Later Friday, South Korea's military said its F-35 fighter jets conducted drills simulating aerial strikes on North Korean mobile missile launchers at a firing range near its land border with North Korea. It said a group of eight South Korean and U.S. fighter jets separately performed flight training off the Korean Peninsula's east coast.
The exercises "showed we have a strong resolve to sternly deal with an ICBM launch and any other provocations and threats posed by North Korea, and the allies' overwhelming capacity and readiness to launch precision strikes on the enemy," South Korea's Joint Chiefs of Staff said in a statement.
South Korean President Yoon Suk Yeol earlier ordered officials to boost security cooperation with the United States and Japan and implement unspecified deterrence steps that were previously agreed upon with Washington. Yoon also ordered officials to push for strong international condemnations and sanctions on North Korea, according to his office.
North Korea also launched an ICBM on Nov. 3, but experts said that weapon failed to fly its intended flight and fell into the ocean after a stage separation. That test was believed to have involved a developmental missile called Hwasong-17. North Korea has two other types of ICBMs - Hwasong-14 and Hwasong-15 - and their test launches in 2017 showed they could potentially reach parts of the U.S. homeland.
The Hwasong-17 has a longer possible range than the others, and its huge size suggests it's designed to carry multiple nuclear warheads to defeat missile defense systems. Some experts say the Nov. 3 test showed some progress in its development, given that a Hwansong-17 exploded soon after liftoff in an earlier test in March.
It wasn't immediately known if North Korea launched a Hwasong-17 missile on Friday or something else.
In recent months, North Korea has performed dozens of shorter-range missile tests that it called simulations of nuclear attacks on South Korean and U.S. targets. But it halted weapons launches for about a week before it fired a short-range ballistic missile on Thursday.
Before that launch, North Korean Foreign Minister Choe Son Hui threatened to launch "fiercer" military responses to steps by the U.S. to bolster its security commitment to South Korea and Japan.
Choe was referring to President Joe Biden's recent meeting with Yoon and Kishida on the sidelines of a regional gathering in Cambodia. In their joint statement, the three leaders strongly condemned North Korea's recent missile tests and agreed to work together to strengthen deterrence. Biden reaffirmed the U.S. commitment to defend South Korea and Japan with a full range of capabilities, including nuclear weapons.

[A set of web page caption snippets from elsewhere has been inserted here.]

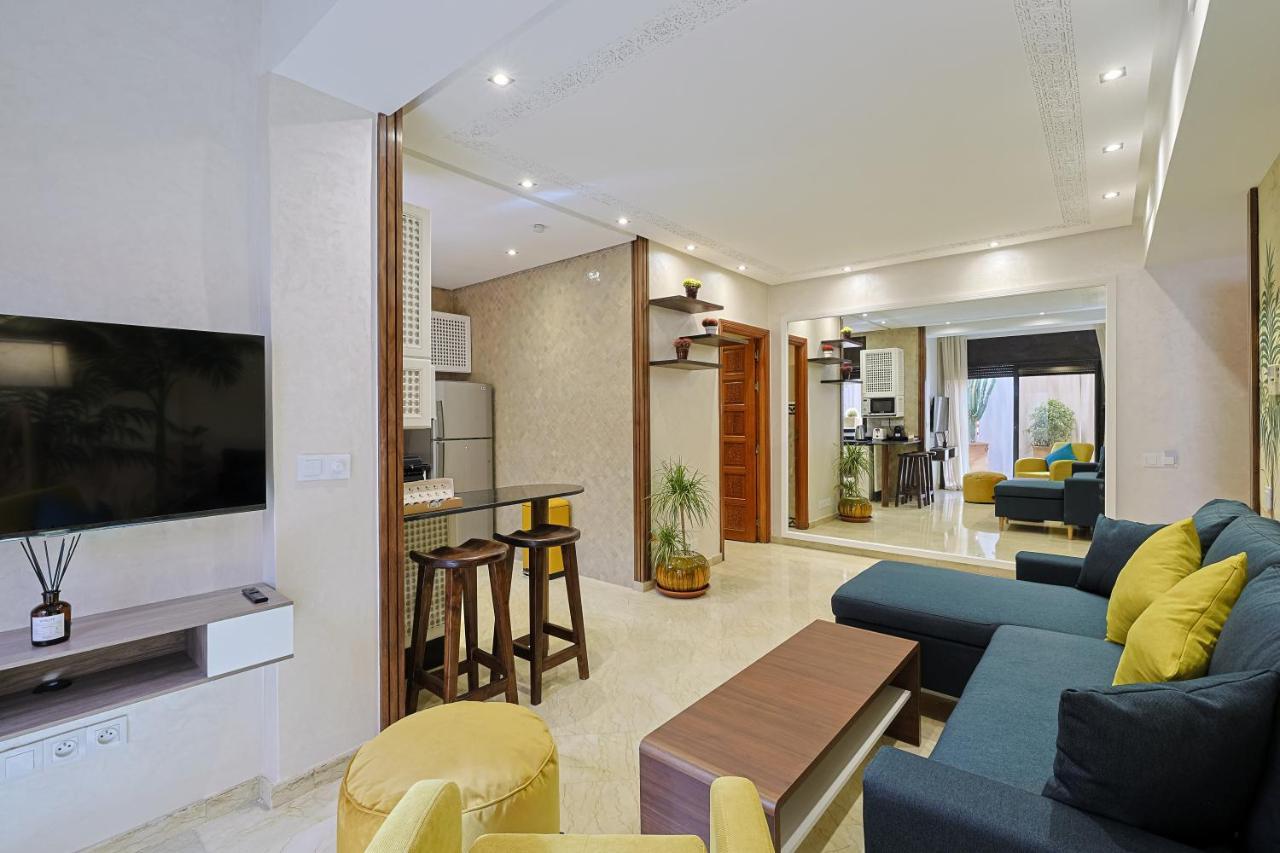 Oasis - Appartement Authentique A Gueliz Marrakesz Zewnętrze zdjęcie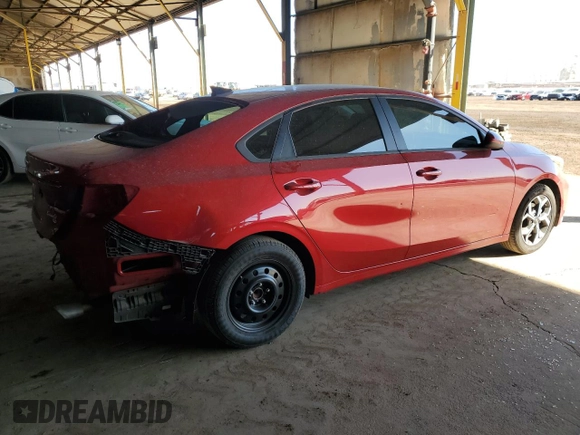 2021 Kia Forte LXS with VIN 3KPF24AD7ME297634, listed as a Copart auction lot 45760395 with 84,804 mi miles and Salvage Title. Bid and sale history available at DreamBid. Image 3.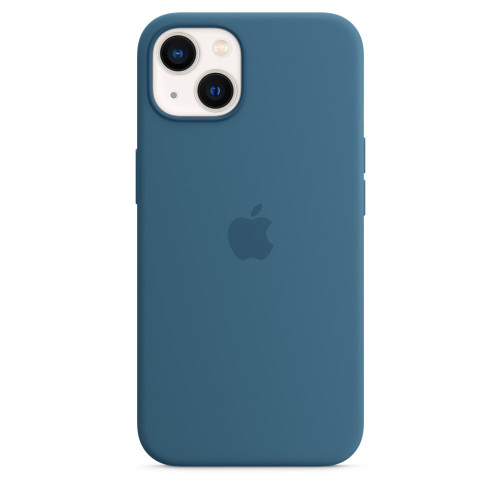 Чехол-накладка (силиконовый) для iPhone 13 Silicone Case High Copy Blue Jay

Choe didn't describe what steps North Korea could take but said that "the U.S. will be well aware that it is gambling, for which it will certainly regret."
North Korea sees the U.S. military presence in the region as proof of American hostility. It has said its recent series of weapons launches were a response to what it called provocative military drills between the United States and South Korea.
There have been concerns that North Korea might conduct its first nuclear test in five years as its next major step in strengthening its military capability against the United States and its allies.
North Korea has been under multiple rounds of United Nations sanctions over its previous nuclear and missile tests. But no new sanctions have been applied this year as it has conducted dozens of ballistic missile launches, which are banned by U.N. Security Council resolutions.
China and Russia, two of the Security Council's veto-wielding members, oppose new U.N. sanctions. Washington is locked in a strategic competition with Beijing and in a confrontation with Moscow over its invasion of Ukraine.